General Failure - Thomas E. Ricks - The Atlantic:
'via Blog this'
I'm not a fan of military affairs journalist Thomas Ricks. I read his book, Fiasco, about the early conduct of the Iraq war back in 2006, and found most of his conclusions to be grossly simplistic. He glossed over enough important details and leaped to so many shaky judgments that I never felt tempted to pick up any of his follow on books about the war, as it continued to play out. It certainly didn't help that during conflict's closing phase he went and made a number of public predictions that turned out erroneous, to put it it mildly. He claimed in 2008 that the largest battles of the war had yet to be fought, and that the conflict would only grow larger. All that said, his Atlantic article in the above link does a worthwhile job of looking at the inability of senior commanders during the conflict's early years to understand the nature of the enemy they were facing, and at the disappointing failure of the Pentagon and White House to relieve them as Iraq spiraled down into chaos. However, that latter failing requires some historical context, which Ricks fails to provide.
In the article he contrasts the lack of generals fired during the Iraq war to the readiness of the general staffs of the World War II Era-Army to quickly sack commanders who failed to perform under the stress of combat. Part of Ricks' missing context is fairly obvious, even at first glance. None of the officers fired during World War II were theater commanders, like the ones he criticizes in the Iraq conflict. Instead they were all unit commanders.

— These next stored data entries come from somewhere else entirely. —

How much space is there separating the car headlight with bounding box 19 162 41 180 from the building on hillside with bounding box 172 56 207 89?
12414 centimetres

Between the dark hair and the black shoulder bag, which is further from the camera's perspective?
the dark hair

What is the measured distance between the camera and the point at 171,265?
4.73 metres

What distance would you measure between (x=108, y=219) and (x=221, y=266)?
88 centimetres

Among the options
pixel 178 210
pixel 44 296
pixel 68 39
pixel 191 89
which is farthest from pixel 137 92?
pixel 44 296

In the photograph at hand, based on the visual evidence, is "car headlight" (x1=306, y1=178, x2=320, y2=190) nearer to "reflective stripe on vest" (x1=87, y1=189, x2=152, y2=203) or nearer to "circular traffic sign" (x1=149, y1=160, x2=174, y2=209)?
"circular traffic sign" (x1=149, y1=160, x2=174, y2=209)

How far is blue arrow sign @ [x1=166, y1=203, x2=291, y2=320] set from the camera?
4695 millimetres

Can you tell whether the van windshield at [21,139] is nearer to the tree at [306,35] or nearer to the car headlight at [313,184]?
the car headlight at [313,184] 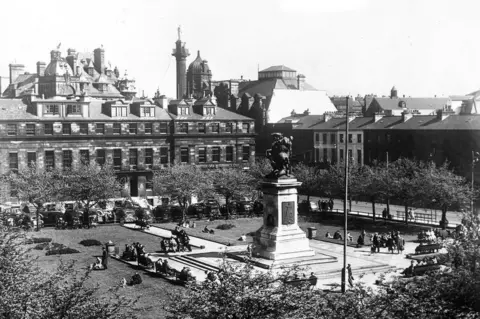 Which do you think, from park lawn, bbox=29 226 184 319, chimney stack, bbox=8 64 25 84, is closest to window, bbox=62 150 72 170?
park lawn, bbox=29 226 184 319

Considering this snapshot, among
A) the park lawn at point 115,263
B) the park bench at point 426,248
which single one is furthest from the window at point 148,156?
the park bench at point 426,248

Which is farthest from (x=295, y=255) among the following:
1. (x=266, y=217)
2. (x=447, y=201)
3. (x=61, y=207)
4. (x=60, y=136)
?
(x=60, y=136)

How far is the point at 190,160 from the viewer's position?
7256 cm

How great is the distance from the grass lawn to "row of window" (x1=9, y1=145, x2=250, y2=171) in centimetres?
1661

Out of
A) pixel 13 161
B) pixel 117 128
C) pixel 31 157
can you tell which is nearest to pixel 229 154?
pixel 117 128

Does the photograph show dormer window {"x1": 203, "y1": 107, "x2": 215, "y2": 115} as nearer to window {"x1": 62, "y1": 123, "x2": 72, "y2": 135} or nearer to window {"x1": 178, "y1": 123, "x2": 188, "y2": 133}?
window {"x1": 178, "y1": 123, "x2": 188, "y2": 133}

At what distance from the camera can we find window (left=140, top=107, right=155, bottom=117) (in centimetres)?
7039

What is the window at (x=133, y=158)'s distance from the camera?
69312mm

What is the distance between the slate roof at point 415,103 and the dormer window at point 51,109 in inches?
1964

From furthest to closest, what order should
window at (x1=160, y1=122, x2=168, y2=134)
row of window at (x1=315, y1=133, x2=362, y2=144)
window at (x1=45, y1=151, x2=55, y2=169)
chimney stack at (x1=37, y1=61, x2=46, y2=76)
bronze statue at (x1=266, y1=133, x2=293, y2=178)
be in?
chimney stack at (x1=37, y1=61, x2=46, y2=76), row of window at (x1=315, y1=133, x2=362, y2=144), window at (x1=160, y1=122, x2=168, y2=134), window at (x1=45, y1=151, x2=55, y2=169), bronze statue at (x1=266, y1=133, x2=293, y2=178)

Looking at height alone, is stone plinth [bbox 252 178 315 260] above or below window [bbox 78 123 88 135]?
below

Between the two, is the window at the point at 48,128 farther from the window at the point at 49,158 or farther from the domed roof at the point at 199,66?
the domed roof at the point at 199,66

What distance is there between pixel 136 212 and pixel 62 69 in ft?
160

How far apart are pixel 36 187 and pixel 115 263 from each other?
52.7ft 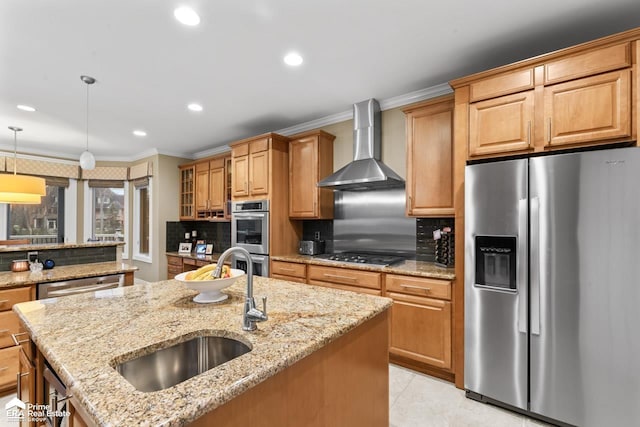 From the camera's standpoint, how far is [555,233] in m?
1.86

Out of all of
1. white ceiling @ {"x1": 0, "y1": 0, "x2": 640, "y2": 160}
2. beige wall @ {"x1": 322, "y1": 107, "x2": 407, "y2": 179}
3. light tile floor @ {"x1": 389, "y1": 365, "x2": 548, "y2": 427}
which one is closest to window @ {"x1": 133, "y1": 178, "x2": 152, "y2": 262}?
white ceiling @ {"x1": 0, "y1": 0, "x2": 640, "y2": 160}

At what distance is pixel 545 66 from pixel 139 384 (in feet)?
9.20

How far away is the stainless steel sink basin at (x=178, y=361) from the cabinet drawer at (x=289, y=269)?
2059 millimetres

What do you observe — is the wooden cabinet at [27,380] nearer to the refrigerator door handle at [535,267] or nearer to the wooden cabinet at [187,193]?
the refrigerator door handle at [535,267]

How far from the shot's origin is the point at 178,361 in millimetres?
1154

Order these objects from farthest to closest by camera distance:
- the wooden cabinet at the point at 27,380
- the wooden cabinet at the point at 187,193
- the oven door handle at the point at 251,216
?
the wooden cabinet at the point at 187,193
the oven door handle at the point at 251,216
the wooden cabinet at the point at 27,380

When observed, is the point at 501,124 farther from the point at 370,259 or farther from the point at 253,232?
the point at 253,232

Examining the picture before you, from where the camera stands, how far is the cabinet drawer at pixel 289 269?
325 centimetres

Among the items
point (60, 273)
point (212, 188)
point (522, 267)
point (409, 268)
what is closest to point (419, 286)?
point (409, 268)

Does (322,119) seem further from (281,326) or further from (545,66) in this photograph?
(281,326)

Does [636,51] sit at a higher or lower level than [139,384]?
higher

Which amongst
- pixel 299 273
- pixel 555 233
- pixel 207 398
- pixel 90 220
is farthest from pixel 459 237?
pixel 90 220

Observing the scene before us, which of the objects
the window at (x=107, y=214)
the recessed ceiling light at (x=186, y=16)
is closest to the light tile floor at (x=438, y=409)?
the recessed ceiling light at (x=186, y=16)

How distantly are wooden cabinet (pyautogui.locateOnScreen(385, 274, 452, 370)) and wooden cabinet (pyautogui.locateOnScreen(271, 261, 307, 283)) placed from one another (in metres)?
0.98
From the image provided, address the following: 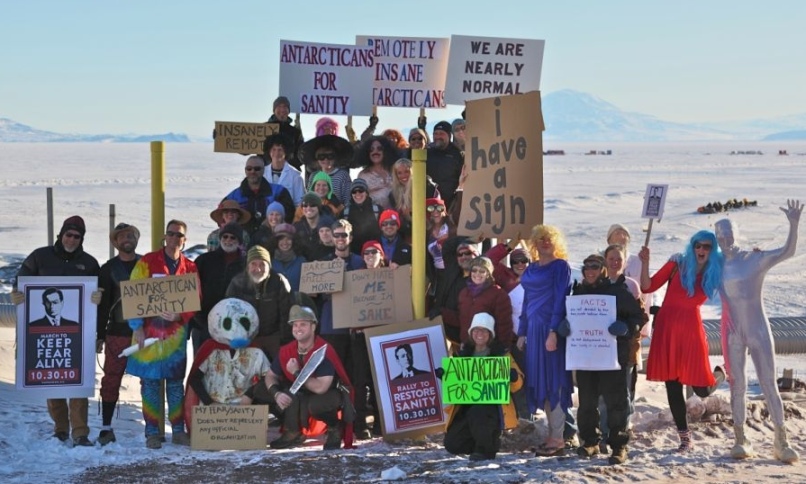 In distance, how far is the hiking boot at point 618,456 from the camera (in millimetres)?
8492

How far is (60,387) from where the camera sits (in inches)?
356

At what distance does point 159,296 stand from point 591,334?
10.8ft

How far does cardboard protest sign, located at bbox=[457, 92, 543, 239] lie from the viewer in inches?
375

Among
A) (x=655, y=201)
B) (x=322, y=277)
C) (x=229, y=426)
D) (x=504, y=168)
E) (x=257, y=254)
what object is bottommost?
(x=229, y=426)

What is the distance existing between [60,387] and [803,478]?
562 centimetres

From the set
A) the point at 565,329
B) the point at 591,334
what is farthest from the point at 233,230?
the point at 591,334

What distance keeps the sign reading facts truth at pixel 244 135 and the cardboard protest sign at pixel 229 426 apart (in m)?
3.73

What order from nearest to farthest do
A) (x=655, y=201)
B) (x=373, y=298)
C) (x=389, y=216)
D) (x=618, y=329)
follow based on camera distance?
1. (x=618, y=329)
2. (x=373, y=298)
3. (x=389, y=216)
4. (x=655, y=201)

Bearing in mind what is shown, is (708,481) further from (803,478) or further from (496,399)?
(496,399)

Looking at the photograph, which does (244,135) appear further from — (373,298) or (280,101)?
(373,298)

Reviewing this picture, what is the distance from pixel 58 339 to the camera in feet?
29.7

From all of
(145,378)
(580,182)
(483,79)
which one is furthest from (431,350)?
(580,182)

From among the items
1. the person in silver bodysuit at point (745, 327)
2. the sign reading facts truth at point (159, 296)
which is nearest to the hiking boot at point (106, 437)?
the sign reading facts truth at point (159, 296)

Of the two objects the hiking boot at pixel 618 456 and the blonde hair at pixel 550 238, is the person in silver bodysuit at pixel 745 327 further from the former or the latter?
the blonde hair at pixel 550 238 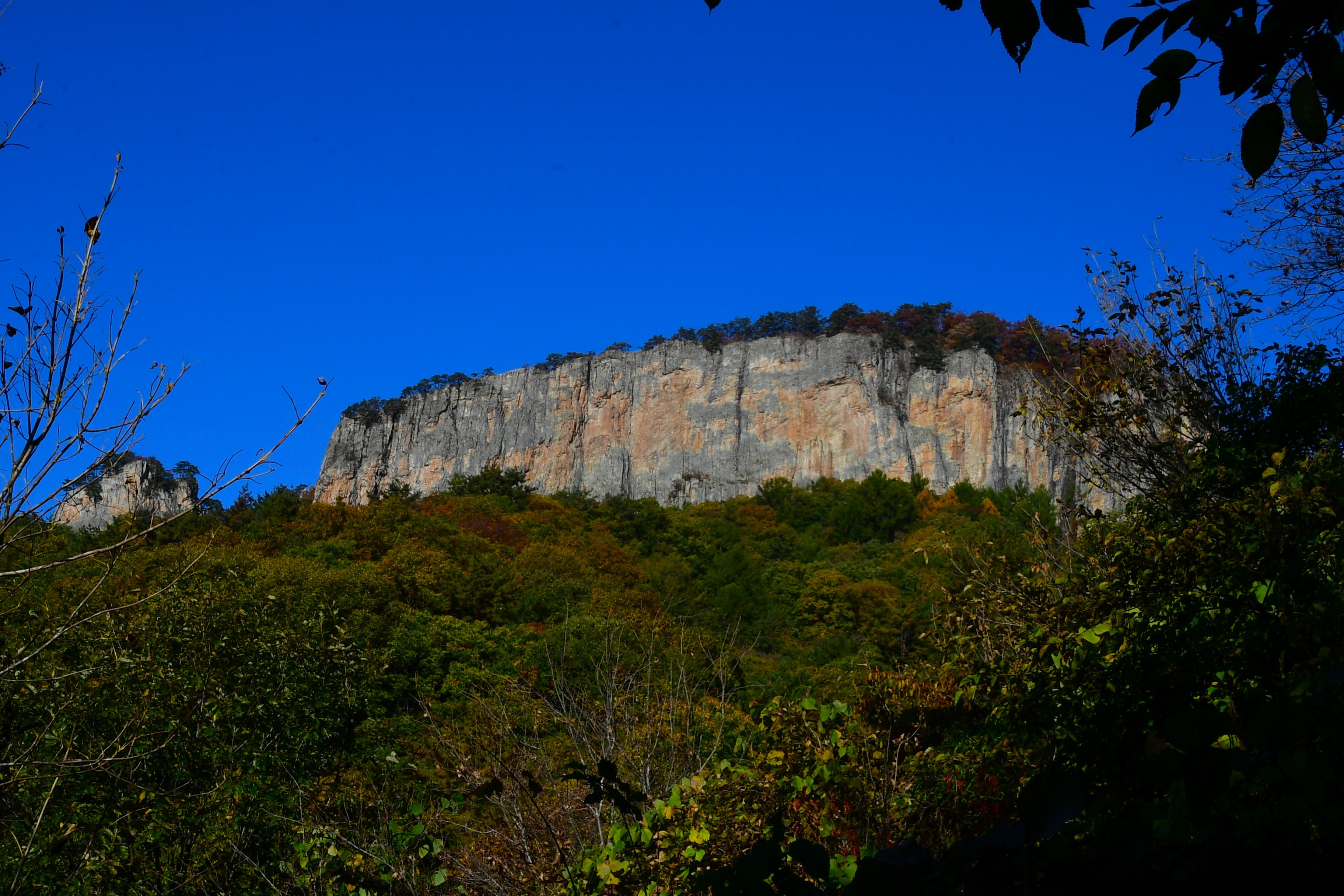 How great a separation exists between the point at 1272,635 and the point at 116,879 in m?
6.07

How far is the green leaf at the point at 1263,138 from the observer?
1424mm

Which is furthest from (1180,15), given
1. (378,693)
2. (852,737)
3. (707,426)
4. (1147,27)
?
(707,426)

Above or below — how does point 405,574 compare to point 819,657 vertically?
above

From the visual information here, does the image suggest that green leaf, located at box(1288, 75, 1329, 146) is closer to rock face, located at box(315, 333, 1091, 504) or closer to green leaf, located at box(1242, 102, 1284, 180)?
green leaf, located at box(1242, 102, 1284, 180)

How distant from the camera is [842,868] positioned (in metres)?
2.61

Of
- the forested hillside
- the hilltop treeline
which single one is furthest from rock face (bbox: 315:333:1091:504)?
the forested hillside

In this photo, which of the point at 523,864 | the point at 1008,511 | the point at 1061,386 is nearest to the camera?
the point at 523,864

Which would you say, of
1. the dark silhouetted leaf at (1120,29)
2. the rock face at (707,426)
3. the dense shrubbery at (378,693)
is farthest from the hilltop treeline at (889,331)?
the dark silhouetted leaf at (1120,29)

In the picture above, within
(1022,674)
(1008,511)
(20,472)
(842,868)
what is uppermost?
(1008,511)

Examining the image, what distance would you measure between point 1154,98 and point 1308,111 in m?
0.21

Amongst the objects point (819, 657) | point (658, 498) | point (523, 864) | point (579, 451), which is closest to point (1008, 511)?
point (819, 657)

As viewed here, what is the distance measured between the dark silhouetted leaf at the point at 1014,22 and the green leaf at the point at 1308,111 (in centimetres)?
35

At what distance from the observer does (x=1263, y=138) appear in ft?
4.69

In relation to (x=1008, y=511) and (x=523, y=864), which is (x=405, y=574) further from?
(x=1008, y=511) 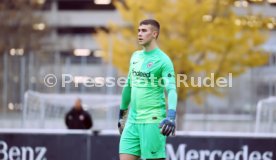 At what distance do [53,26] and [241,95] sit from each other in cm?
1741

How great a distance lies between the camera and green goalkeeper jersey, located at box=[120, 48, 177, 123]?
6977 mm

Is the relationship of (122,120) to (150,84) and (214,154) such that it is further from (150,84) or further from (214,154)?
(214,154)

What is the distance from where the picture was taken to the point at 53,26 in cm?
4291

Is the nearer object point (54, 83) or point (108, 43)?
point (54, 83)

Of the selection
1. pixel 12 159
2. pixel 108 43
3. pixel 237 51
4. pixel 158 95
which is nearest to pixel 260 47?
pixel 237 51

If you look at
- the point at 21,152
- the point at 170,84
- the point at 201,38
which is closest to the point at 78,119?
the point at 21,152

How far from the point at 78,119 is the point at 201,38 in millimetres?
11383

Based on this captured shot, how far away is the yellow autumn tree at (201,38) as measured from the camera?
2772 cm

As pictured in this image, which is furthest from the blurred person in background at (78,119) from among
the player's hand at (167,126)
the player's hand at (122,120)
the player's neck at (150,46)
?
the player's hand at (167,126)

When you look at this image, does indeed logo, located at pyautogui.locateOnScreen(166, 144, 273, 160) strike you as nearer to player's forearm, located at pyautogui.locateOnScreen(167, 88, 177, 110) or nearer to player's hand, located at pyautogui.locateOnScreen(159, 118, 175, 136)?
player's forearm, located at pyautogui.locateOnScreen(167, 88, 177, 110)

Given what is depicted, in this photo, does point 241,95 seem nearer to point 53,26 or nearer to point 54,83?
point 54,83

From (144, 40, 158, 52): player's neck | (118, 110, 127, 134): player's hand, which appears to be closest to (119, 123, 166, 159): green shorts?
(118, 110, 127, 134): player's hand

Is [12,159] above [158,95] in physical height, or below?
below

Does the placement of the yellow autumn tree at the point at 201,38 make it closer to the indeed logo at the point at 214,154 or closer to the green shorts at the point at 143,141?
the indeed logo at the point at 214,154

There is a big difference between kicking out a general in charge of how a war is waged, versus a field grade or lower flag rank officer who failed to make himself or his unit perform while under fire.
The other missing bit is that the officer corps going into combat in World War II was an enormously different beast than the one in Iraq. In 1943 the US Army had gone from a pre-war force of around 190,000 with 14,000 professional officers to having 8.3 million men under arms. That exponential growth had seen the officer corps diluted down again and then again and yet again as tens of thousands of green volunteers joined its ranks.
In that chaotic environment, there was no way to know who would perform and who would fail. Officers who had never commanded small units in battle suddenly found themselves in charge of thousands or tens of thousands of combat arms soldiers in the middle of history's largest war. The result was an intense shake down period for the Army and other services, in which the service branches had little choice about promoting masses of untested officers into positions that held the power of life and death, and then firing those who couldn't cope while promoting those who looked promising. The commanders in Iraq, conversely, had all come up through a long chain of previous commands, staff assignments, and schools, and for the most part they had excelled during their earlier careers. Their failures were often a lack of perception or insight, rather than outright operational incompetency or even cowardice under fire.
Despite that missing context, Ricks does bring up an interesting tangential point in the article that's worth thinking about. An ugly point that I've heard others touch on, but never express as clearly as he did. Namely that the tactical proficiency of the enlisted soldiers, NCOs, and company grade officers made it possible for generals who failed to understand the conflict to hold onto their commands as the war spun out of control. Even while the insurgency spread and number of attacks increased, Army and Marine units continued to win nearly every fight on the ground. There were no large-scale massacres of US soldiers or overrun American platoons. No large firebases or camps were lost, and no groups of stunned POWs were paraded before cameras by insurgents -- any of which might have brought about an immediate change in theater leadership. Without tangible significant losses, the failures of vision took longer to recognize as friendly casualties came in at a rate of one or two or three a day.
In other words, tactical excellence on the part of soldiers and marines in the field helped blind
politicians and officers in Washington to a subtler but persistent set
of strategic failings. So it's not surprising that it wasn't until nearly four years into the conflict that a theater commander was finally put in place with a mandate to change the very means used to fight the war.